As far as glutamic acid is concerned, it may be worth mentioning that Freiberg et al. reported more than 20 years ago that certain glutamic acid derivates can act directly on the cholecystokinin receptor, which is - along the the PYY receptor one of the major "You are full! Now stop eating"-switches of the mammalian body (Freiberg. 1990).

Figure 1: AUC in response to ingestion of 25g of glucose or water w/ or w/out 150mg/kg lysine (Kalogeropoulou. 2009)

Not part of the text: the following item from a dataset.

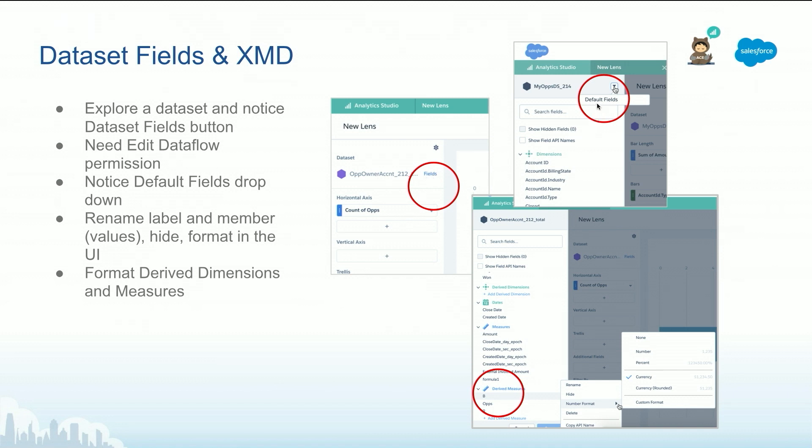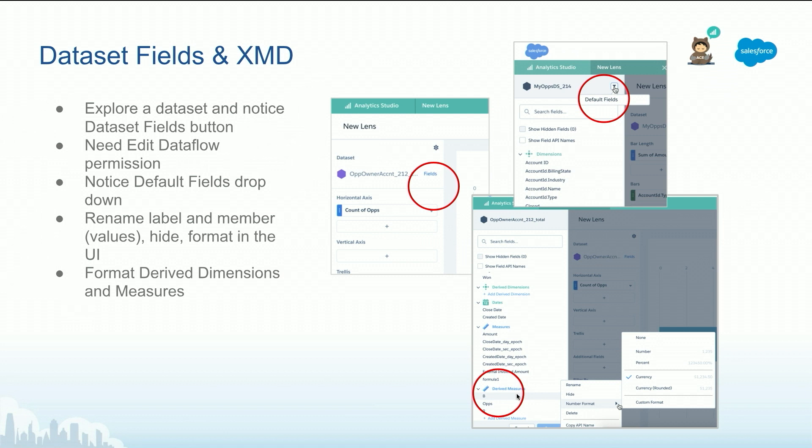Here you will be able to specify default fields, rename labels, specify colors for certain values. You can specify for derived measures as you start using SAQL later on and creating derived measures. You can actually specify the format here, or for existing measures from a custom format or currencies, et cetera.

Similarly unknown as the involvement of glutamic acid in the concert of satiety hormones is the effect lysine (150mg/kg) had on the glucose, insulin and glucagon resonse of healthy volunteers, when Kalogeropoulou et al. administered it either alone or in conjunction with 25g of glucose to thirteen healthy volunteers, where it triggered an increase in glucagon and insulin, when it was administered alone and significant reduction in the blood sugar response, when it was administered in conjunction with the 25g of glucose (Kalogeropoulou. 2009). Interestingly the increased glucsose disposal did not depend on an increase in insulin, so that it must be related to downstream improvements in insulin sensitivity and the efficacy of glucose uptake.

  • Freidinger RM, Whitter WL, Gould NP, Holloway MK, Chang RS, Lotti VJ. Novel glutamic acid derived cholecystokinin receptor ligands. J Med Chem. 1990 Feb;33(2):591-5.
  • Kalogeropoulou D, LaFave L, Schweim K, Gannon MC, Nuttall FQ. Lysine ingestion
    markedly attenuates the glucose response to ingested glucose without a change in
    insulin response. Am J Clin Nutr. 2009 Aug;90(2):314-20.
  • Jordi J, Herzog B, Camargo SM, Boyle CN, Lutz TA, Verrey F. Specific Amino Acids Inhibit Food Intake via the Area Postrema or Vagal Afferents. J Physiol. 2013 Jul 29. [Epub ahead of print] 
  • Solon CS, Franci D, Ignacio-Souza LM, Romanatto T, Roman EA, Arruda AP, Morari J, Torsoni AS, Carneiro EM, Velloso LA. Taurine enhances the anorexigenic effects of insulin in the hypothalamus of rats. Amino Acids. 2012 Jun;42(6):2403-10.